Remote working does not apply to everyone. Many security people are at the forefront, as Dr Linda Florence says, often the first to arrive and last to leave. Staff are finding themselves in new situations that are without modern precedent. There has been a need to adapt as events unfold, to learn on the hoof. The scale makes this difficult.

Only time will tell whether remote working becomes more of a norm. In the meantime, we need to be aware that security is identifying loopholes that need to be tackled and these are important. The consequences can be enormous yet they have received relatively little attention. What we know for sure is that situations where security is weak provide fertile ground for one group, who are unfortunately good at what they do, they are collectively called (cyber) offenders.

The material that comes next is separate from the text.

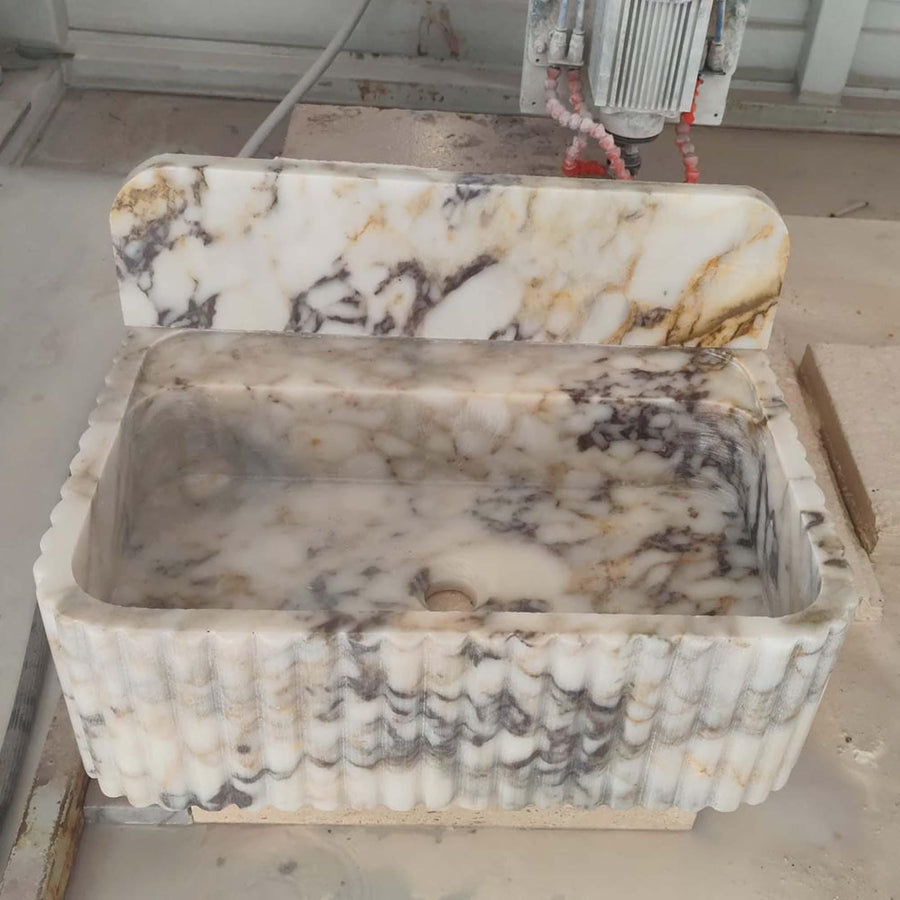 Side view of a solid Calacatta Gold fluted vanity sink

Points from the panelists’ opening statements

Dr Linda Florence

It is not always possible to be remote, security personnel not only need to be present they are often the first there and the last to leave, this is still the case in a crisis. Moreover, companies have needed additional officers.

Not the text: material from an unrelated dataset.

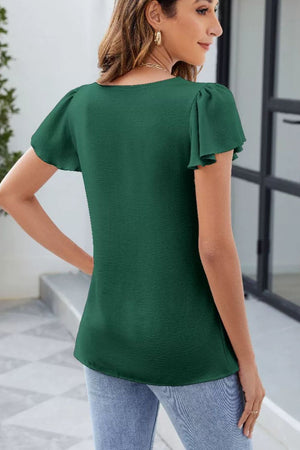Dark green ruffled square neck blouse with flutter sleeves and textured fabric.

In a different way business continuity is at the forefront and sometimes people are finding that they are having to act without expertise and security is part of this. We need to remember this is affecting the entire world and we have not experienced anything like this before.

Mike Reddington

The level of increase in remote working has been dramatic, and the need to adapt to new ways of operating has been sudden. Questions are arising about whether staff have the right equipment, and whether they can operate it fully. Data protection has been a significant issue in recent years but are all companies aware of the risks posed by new ways of working and are they sure staff are not storing data locally for example? There is a need for a remote working culture, taking time to learn about new ways of working, and new requirements for security, from colleagues. The security guidelines that apply to security need to be understood.

Dave Tyson

Business Continuity plans have been tested and many companies found they didn’t go as planned. Often, they did not anticipate a crisis of this duration. There is pressure to act quickly, it is a busy period, but many CISOs are being required to cut their budgets – this is a financial crisis too after all – sometimes by a half. There are always dangers when fear drives behavior. And people are going sick, data centre managers are losing staff with implications for the security of data there . Meanwhile, remote working has provided opportunities for cyber criminals, the number of attacks are increasing. There are dangers in using equipment from home, but the issues are magnified by the difficulties in scaling up security that is fit for purpose. In a different way some aspects of business continuity restrict the ability to communicate effectively with remote workers.

Samuele Caruso

Times may have changed but many of the old risks still exist albeit the context is different. It is no longer so easy to guard the perimeters, either in the physical or cyber world, the security arrangements in both is being tested. There was not enough preparation for a crisis quite like this one and there has been a need to adapt, to rethink policy as events unfold. Then there are the new risks emerging, for example, verifying that the people accessing systems are in fact employees and entitled to do so.